Fortunately, Valkyrie has two factors working in its favor. The first is that even though most people know (or heard, or were told, before they saw the film) that the plot against Hitler featured in Valkyrie failed, that's ALL most people knew about it. They didn't know the major characters, their motivations, or how their plan was set in motion. They didn't know how close it came to succeeding, or how many minute events and decisions were actually involved in both the plan's implementation and its ultimate failure. And they didn't know how deeply and emotionally involved the major players in the conspiracy were. The movie, wisely, focused on all of these factors, so that in many moments the audience was forced to remind itself that the plan wasn't going to work, just to avoid false hope.

The second thing that Valkyrie had going for it was its cast.
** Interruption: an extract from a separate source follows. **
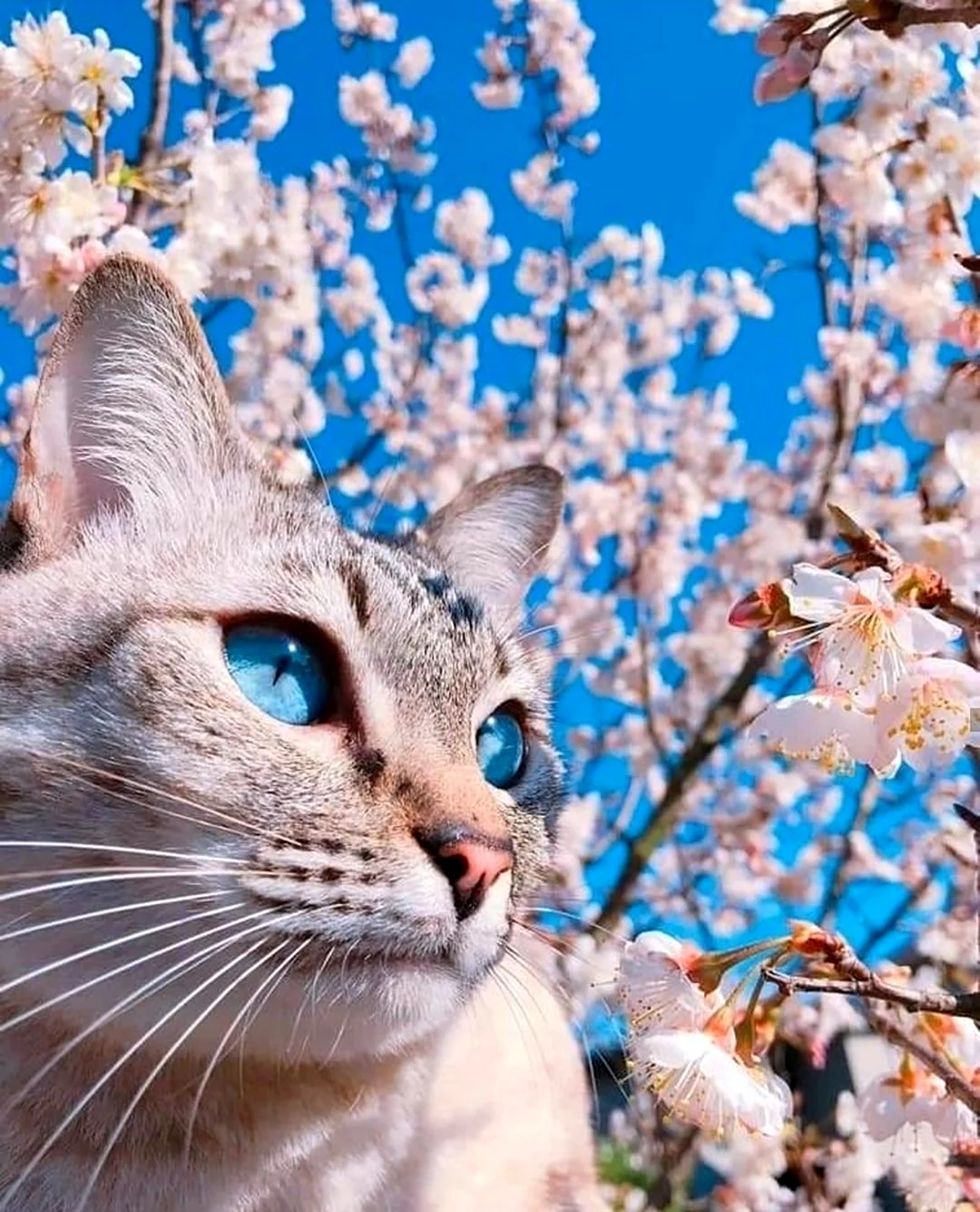 Весенние коты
I've honestly had it up to here with Tom Cruise, but in this film he gave the performance of his life. As a soldier who has lost his right hand fighting for Germany, then set in motion a plan to assassinate Hitler, the moment where he is commanded to salute and say "Heil Hitler"--and is shown doing so with his handless right arm raised in the foreground of the shot--hits the audience like a slug to the gut. And the supporting cast is even better. For serious, how can a film that features Kenneth Branagh, Tom Wilkinson, Bill Nighy, Kevin R. McNally, David Bamber and Eddie Izzard be anything less than insanely watchable? I submit that it cannot.

I lied: there's a third thing. Who in the world would imagine a WWII movie where the audience actually wants to root for the Germans? (Okay, only some of them, but even so...it's still very cool.)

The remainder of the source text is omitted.